- Full Title: Warning: Amateur and Personal Radio Services Licensees and Operators May Not Use Radio Equipment to Commit or Facilitate Criminal Acts
- Document Type(s): Public Notice
- Bureau(s): Enforcement
The FCC Enforcement Bureau issued today an advisory to remind licensees and operators in the Amateur and Personal Radio Services that they may not use radio equipment to commit or facilitate crimes.
- DA/FCC #: DA-21-73
The ARRL has posted the full text here.
To clarify: The Personal Radio Service includes the cheap blister-pack FRS radios you can buy on the end cap at Wally World, the slightly more expensive and maybe slightly higher quality GMRS radios you have to actually look for. FRS radios require no license, GMRS radios do, but its a blanket; you, as owner, buy a license and it covers all the units you own, and whoever you allow to use one.
The Amateur Radio Service is, well, amateur radio operators.
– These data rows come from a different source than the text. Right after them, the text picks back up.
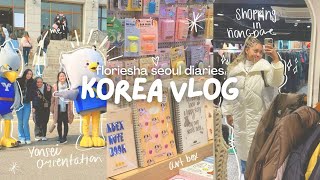 korea vlog yonsei orientation BTS Run performance night out in Hongdae korean photobooth [upl. by Inga]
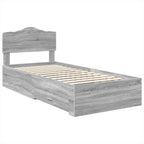 Bed Frame with Drawer Grey Sonoma 90 x 200 cm Engineered Wood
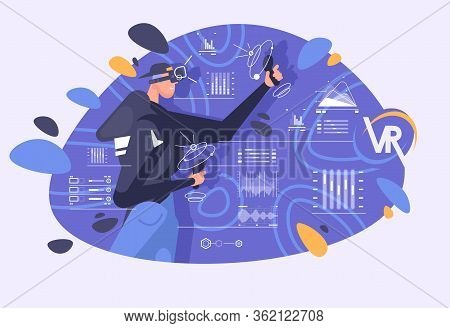Young Man Using Virtual Reality Glasses And Touching Vr Interface. Boy Moving Objects Around Using A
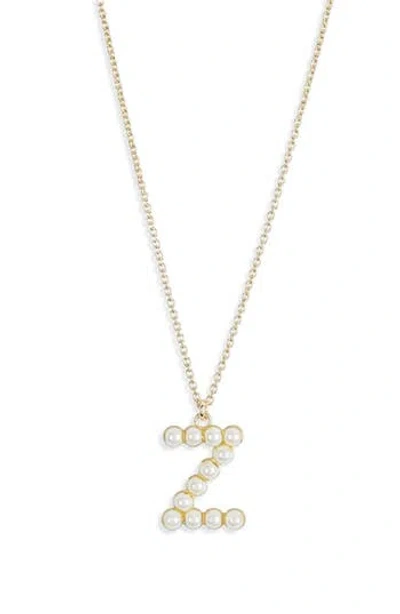 Meshmerise Imitation Pearl Initial Pendant Necklace In Yellow-z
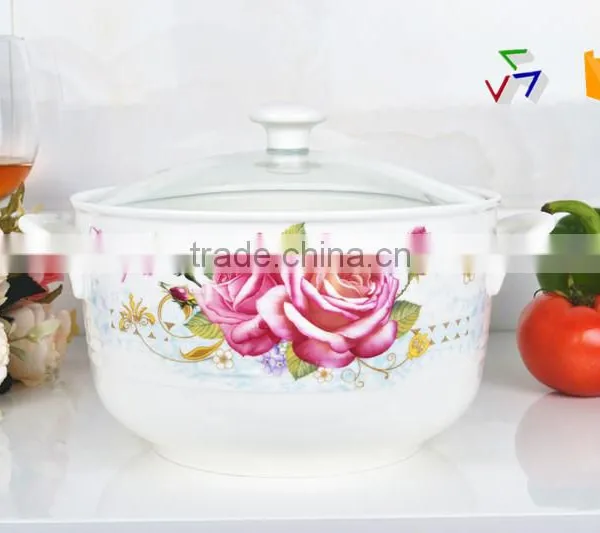 8" Porcelain Microwave Round Pot With Glass Lid photo-2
You have to take a test to get the license. As such, any licensed ham KNOWS you can't use any of these devices in the commission of a crime.
So why now? Well, one might suggest that this is too little to late.
For about 10 years now you have been able to buy extremely cheap, Chicom made, handheld radios on Amazon. And when I say "extremely cheap", I mean that they cost a little more than that blister-pack pair of FRS radios.
Also, while they transmit on the frequency you program in, they signal is very "dirty", with what are technically referred to as "spurious transmissions" or "spatter." In fact, bench testing indicates that most of these Chicom units, sometimes called "Kaodungs"as a mocking form of the names of many of these. (They're Chinese. They come from the same factories, made by the same slave labor, sold with different brand names. Or aliases, take your pick)
They are also problematic because they come off the boat able to transmit on many bands which it is illegal to transmit on in the USA without the appropriate licensing. And I am not talking about amateur bands, either. No, I'm talking about bands that are reserved for commercial or government or public safety use. Bands that you can get severe fines or jail time for transmitting on.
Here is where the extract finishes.